Learning about electronics can be a tough job for a student. With electronics becoming more and more complex by the day, the variety of information available can be baffling. The array of modern electronic devices available, including computer development kits such as Raspberry Pi and microcontrollers like Arduino, are the simplest way to utilize the power of a computer in your electronics projects without paying through the nose. As I have limited budget and time, and my skills with a soldering iron are very rusty, I have shortlisted the 5 ideas below as perfect projects to start with.
If you have been following Google’s ambitious Project Glass and share a similar dream of an augmented reality, building a wearable computer could be a great project. Using the Raspberry Pi system, a hand-held keyboard and mouse pad and a set of video glasses or a small monitor, you can wear your computer to class or lectures for taking notes, browsing the web, or watching a video whilst on the go. Power is the obvious problem here, but the ability of the Pi to run from a powered USB socket means that you can use one of the external batteries on the market. I have a 12,000mAh battery pack that can power more than one device at a time but the weight and the bulk of it might mean that one of the smaller batteries is more appropriate. This project is fairly high up my “to-do” list, so a bit of testing for battery life seems to be in order.

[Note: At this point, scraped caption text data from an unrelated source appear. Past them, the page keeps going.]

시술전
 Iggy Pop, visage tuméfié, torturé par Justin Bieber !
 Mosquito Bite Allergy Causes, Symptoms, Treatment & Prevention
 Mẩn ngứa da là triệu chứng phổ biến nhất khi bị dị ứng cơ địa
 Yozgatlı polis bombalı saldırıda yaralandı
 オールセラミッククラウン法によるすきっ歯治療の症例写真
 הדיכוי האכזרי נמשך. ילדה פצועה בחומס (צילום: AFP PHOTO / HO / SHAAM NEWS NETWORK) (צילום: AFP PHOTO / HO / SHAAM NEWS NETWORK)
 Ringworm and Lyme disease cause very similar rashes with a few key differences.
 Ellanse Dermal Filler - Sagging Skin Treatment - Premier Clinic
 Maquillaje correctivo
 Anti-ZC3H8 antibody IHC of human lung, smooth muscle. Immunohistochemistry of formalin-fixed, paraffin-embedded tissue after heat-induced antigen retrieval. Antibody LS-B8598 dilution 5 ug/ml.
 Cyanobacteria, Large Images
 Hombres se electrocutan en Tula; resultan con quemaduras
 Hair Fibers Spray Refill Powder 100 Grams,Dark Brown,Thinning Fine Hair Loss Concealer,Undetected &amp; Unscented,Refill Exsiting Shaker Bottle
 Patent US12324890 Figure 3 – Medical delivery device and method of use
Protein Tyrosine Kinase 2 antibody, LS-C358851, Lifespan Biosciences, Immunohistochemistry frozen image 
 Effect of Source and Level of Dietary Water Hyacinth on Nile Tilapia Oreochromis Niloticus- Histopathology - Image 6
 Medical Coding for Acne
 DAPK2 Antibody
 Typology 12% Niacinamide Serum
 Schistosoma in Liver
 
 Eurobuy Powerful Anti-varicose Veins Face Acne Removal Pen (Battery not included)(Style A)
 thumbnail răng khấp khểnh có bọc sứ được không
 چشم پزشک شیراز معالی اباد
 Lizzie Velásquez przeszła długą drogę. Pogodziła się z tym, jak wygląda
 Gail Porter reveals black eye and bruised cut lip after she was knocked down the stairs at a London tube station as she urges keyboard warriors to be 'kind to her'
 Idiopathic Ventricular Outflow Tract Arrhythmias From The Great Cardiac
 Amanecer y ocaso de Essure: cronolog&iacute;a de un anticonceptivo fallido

For a more challenging programming exercise, as well as an intricate test of your manufacturing skills, a self-balancing robot is perfect.
Setting up a two wheeled robot, which works like a Segway scooter, and programming it to use its pair of wheels to balance on, looks like a great way to spend some time. This combines a number of skills and should be difficult but not impossible. Neatness with the packaging of the electronics should help with the balancing as it will lower the center of gravity and make the whole robot more stable. This will be a good benchmark for learning programming too as it is a little more complicated than just getting an LED to turn on when it gets dark.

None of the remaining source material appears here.